Все это надо иметь в виду, оценивая поворот к социалистическому реализму. Да, здесь был прагматичный и циничный выбор власти, взвесившей агитационные, мифопорождающие, сакральные, суггестивные и другие возможности, предъявленные сторонами в десятилетней художественной борьбе, и вынесшей окончательное, не подлежащее обсуждению решение в пользу социально концептуализированного реализма – соцреализма. (Не будем говорить о сопутствующих факторах – уровне культуры персонификаторов власти, их вкусах, особом, присущем людям, не владеющим традиционными профессиями, уважении к "спецам", мастерам своего дела, а таковыми в их глазах могли считаться только обладатели секретов мастерства, то есть традиционалисты.) Но кроме давления "сверху", были и энергии "снизу", от собственно искусства: бесконечная усталость от дискурса деформализации (дискурса в снижающем смысле – многоговорения, как у М. Гаспарова). Как реакция на него, а не только как дань конъюнктуре, воспринимаются сегодня резкие повороты в выборе языка даже таких мастеров, как К. Малевич и П. Филонов. Молодое же поколение тем более разрабатывало некую множественность фигуративизмов и реализмов, репрезентируя индивидуальные картины мира: растворения собственно искусства в культурной революции, которого требовали левые, жаждали далеко не все. Эта множественность предполагала опору на некие образцы (которые, естественно, нуждались в индивидуальной доработке). История искусства воспринималась как кладовая (вполне советская метафорика: кладовая природы и пр.). Но взять, вынести из нее нужно было самое лучшее. Не промахнуться. Оправдать доверие. В ряде работ эта проблематика выбора непосредственно тематизирована – как у С. Некритина ("Старое и новое"), А. Гончарова ("Смерть Марата"), в корах-метростроевках А. Самохвалова.

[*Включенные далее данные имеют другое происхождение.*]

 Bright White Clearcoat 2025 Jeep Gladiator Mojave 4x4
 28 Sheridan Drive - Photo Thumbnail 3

Строго говоря, вполне можно признать всю неофигуративистскую линию искусства 1920-х – искусством про искусство.

Внедрение метода социалистического реализма для многих думающих художников было репрессией. Объективно, в свете последующих событий, последствия этого внедрения для искусства были катастрофичны. Но было бы неисторичным забывать, что для большого массива вполне искренних художников, особенно поколения, сформировавшегося к концу 1920-х, оно, это внедрение, в какой-то мере было облегчением: проблему выбора языка сняли у них с плеч. А некоей унификации картины мира не так боялись, как ее индивидуализации (и неизбежной расплаты за эту индивидуализацию).

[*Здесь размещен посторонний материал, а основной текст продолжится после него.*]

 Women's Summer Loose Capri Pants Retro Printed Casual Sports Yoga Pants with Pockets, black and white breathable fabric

Таким образом, лет за пятнадцать до яковлевской картины споры об искусстве завершились. Был выбран классицизирующий канон. Впрочем, вполне вместительный, если рассматривать хотя бы источники, к которым обращались выпускники воссозданной в прежнем имперском качестве Академии художеств. Достаточно взять творческий путь молодого В. Орешникова, впоследствии ректора Института им. И. Е. Репина Академии художеств СССР. В работе 1927 года "Смерть Борчанинова" ощущалось влияние венецианцев и Эль Греко. В работе 1935 года "Начальник политотдела МТС" отчетливо читались: в рисунке – да Винчи, в колорите – Курбе. Это не оценки post factum: все это сочувственно фиксировалось современной критикой. Что ж, "молодежь тянется к музею", – отмечал журнал "Творчество". Впрочем, скоро "магазин источников" закрылся, соответственно, закончился и "источниковедческий" период советской критики. Многообразие "внутри канона" сменилось визуально усредненными категориями мастерства, сделанности, музейного качества. Затем и эти характеристики показались чрезмерными.

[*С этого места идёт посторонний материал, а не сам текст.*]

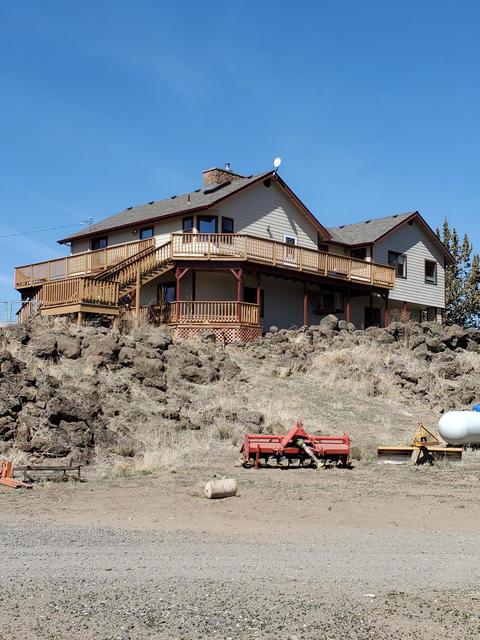 23549 Hwy 20, Bend, OR 97702 photo 4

К проблематике искусства про искусство вернулись только в 1950-е, в рамках серьезных содержательных процессов гуманизации, проходивших в русле официального искусства. Они соприкасались с движением так называемого сурового стиля. Это термин достаточно условный, головной, он фиксирует скорее социально-интонационную близость достаточно разных художников, выступивших на исходе 1950-х, – В. Попкова, Н. Андронова, Т. Салахова, П. Никонова, П. Оссовского и др. В области формообразования эти мастера действительно отказались от "проходной", обезличенной визуальности окончательно обездвижевшего к тому времени соцреализма. Они резко расширили ассортимент стилевых источников, инспирирующих их искания, – ярких, но все-таки не отвязанно радикальных: среди отечественных я бы назвал наследие ОСТа в целом и отдельные фигуры вроде К. Петрова-Водкина, А. Гончарова, А. Дейнеки, среди зарубежных – П. Пикассо классического периода, Р. Гуттузо, Р. Кента, К. Бабу, кое-кого еще. Другая группа художников, поколением старше – А. Мыльников, Е. Моисеенко, Д. Жилинский, – ощущала себя в традиции и мифологии просвещенного академизма и в пластическом плане ориентировалась скорее на высокую классику, на Ренессанс. При этом оба крыла относились к источникам вполне по-модернистски: не только без смирения, но даже с каким-то эмоциональным нахлестом. Они вообще хотели заставить себя слушать. По сути дела, эта была последняя, в чем-то трогательная в своей наивности попытка содержательного, "человеческого" диалога искусства с государством и с широкой аудиторией, "народом". В содержательном плане они, испытав надежды хрущевской оттепели, хотели хоть как-то "утеплить", очеловечить самое существо советской жизни (хотя и не смогли освободиться от сугубо государственной риторики труда как жертвенности, подвига и пр.). В творческом – тоже хоть как-то гуманизировать ее, расширить эстетические горизонты, "возвысить". В том числе и разговором искусства про искусство. (Любопытно, что эта попытка диалога подкреплялась историческими прецедентами. Так, в тогдашнем либеральном профессиональном сознании снова возникал вопрос об авангарде. Причем именно с точки зрения его взаимоотношений с властью. "Было же время, когда авангард и государство понимали друг друга… Какая польза была и тому, и другому…" Подобное романтически-охранительное отношение к истории авангарда устоялось лет на двадцать… Потом пришло понимание "Великой иллюзии".)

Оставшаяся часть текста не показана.